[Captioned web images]
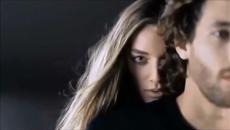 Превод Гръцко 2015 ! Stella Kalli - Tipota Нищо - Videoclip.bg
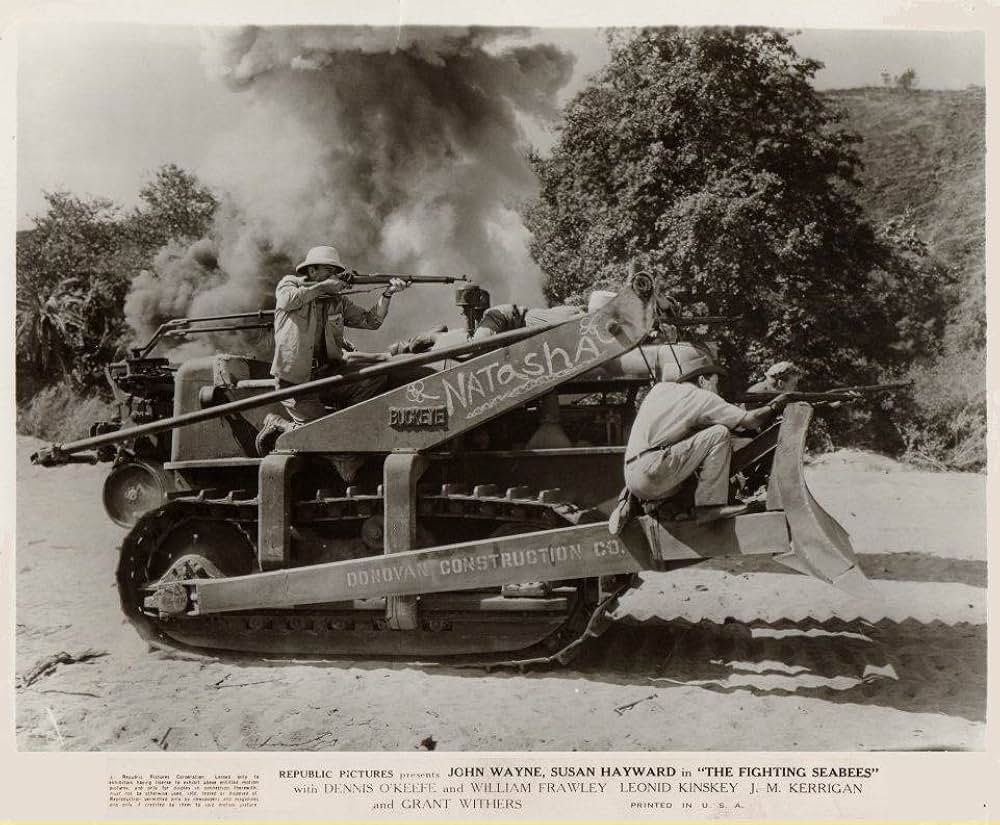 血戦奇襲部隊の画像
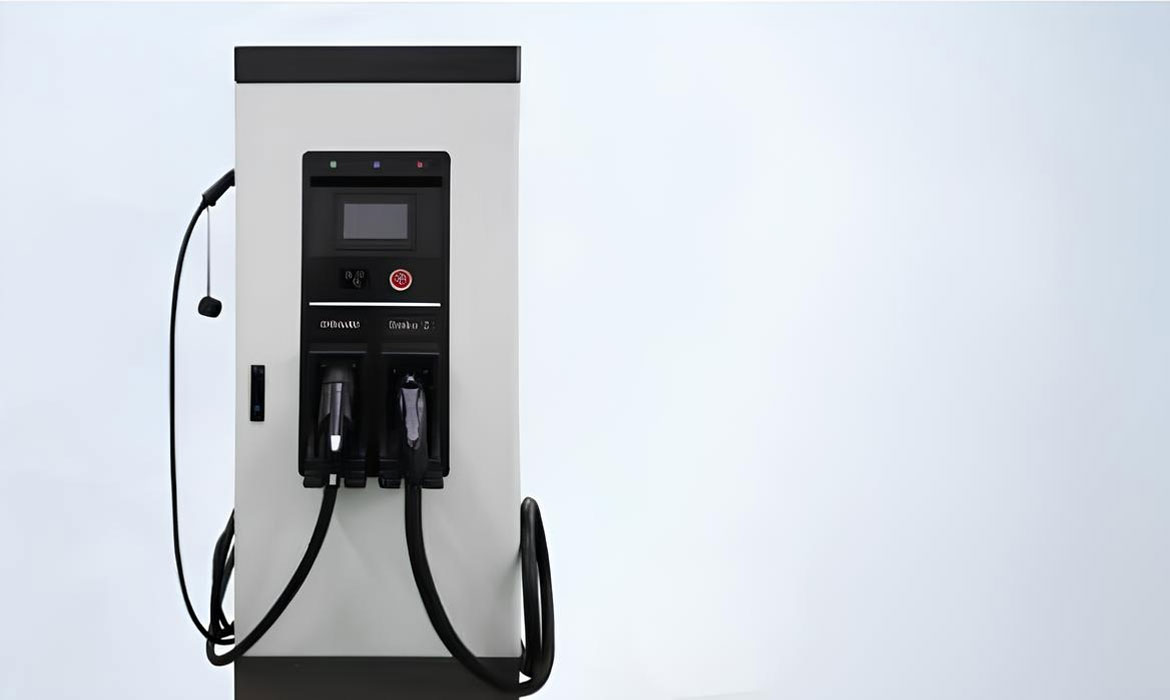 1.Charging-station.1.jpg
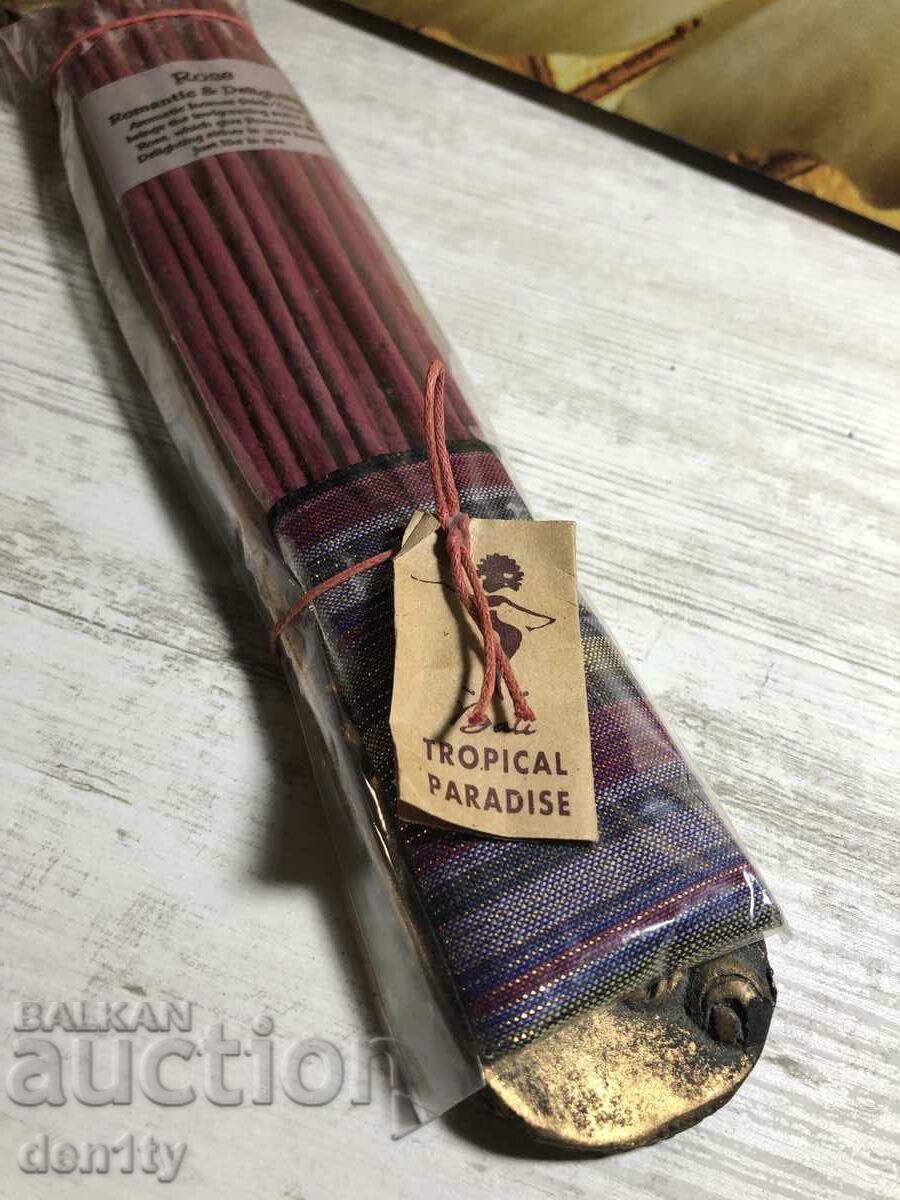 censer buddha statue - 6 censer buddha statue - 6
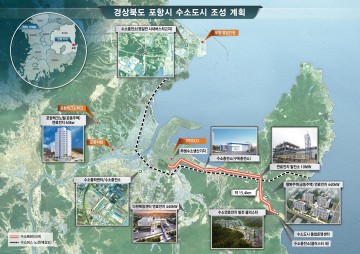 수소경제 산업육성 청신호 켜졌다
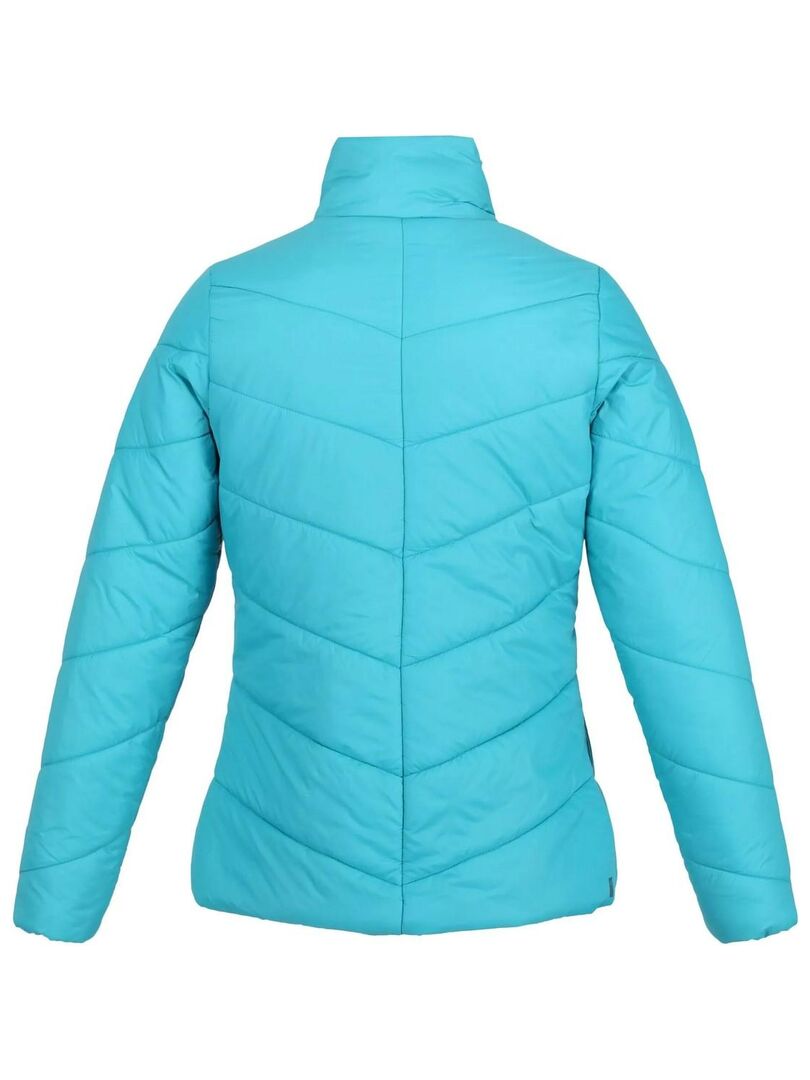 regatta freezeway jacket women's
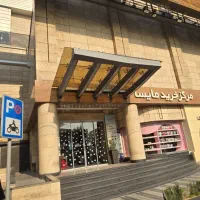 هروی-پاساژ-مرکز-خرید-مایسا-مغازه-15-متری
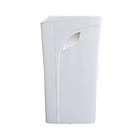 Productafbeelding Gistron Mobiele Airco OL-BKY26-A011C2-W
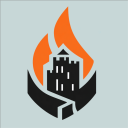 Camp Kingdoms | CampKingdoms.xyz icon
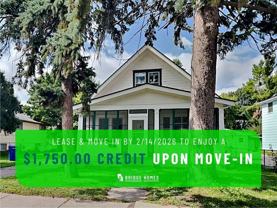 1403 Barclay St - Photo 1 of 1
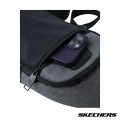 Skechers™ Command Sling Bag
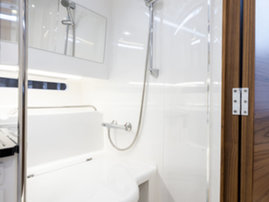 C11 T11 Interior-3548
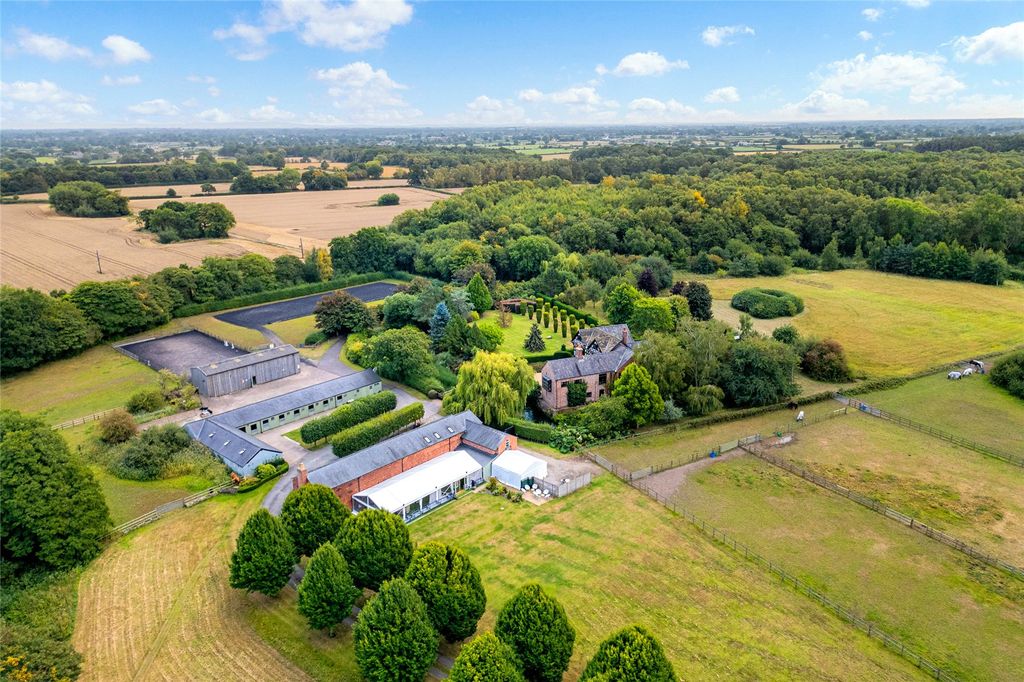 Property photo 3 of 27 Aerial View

• Assignment
Down to the last line, return the entries above exactly, with no pictures.

• Exercise response
 Превод Гръцко 2015 ! Stella Kalli - Tipota Нищо - Videoclip.bg
 血戦奇襲部隊の画像
 1.Charging-station.1.jpg
 censer buddha statue - 6 censer buddha statue - 6
 수소경제 산업육성 청신호 켜졌다
 regatta freezeway jacket women's
 هروی-پاساژ-مرکز-خرید-مایسا-مغازه-15-متری
 Productafbeelding Gistron Mobiele Airco OL-BKY26-A011C2-W
 Camp Kingdoms | CampKingdoms.xyz icon
 1403 Barclay St - Photo 1 of 1
 Skechers™ Command Sling Bag
 C11 T11 Interior-3548
 Property photo 3 of 27 Aerial View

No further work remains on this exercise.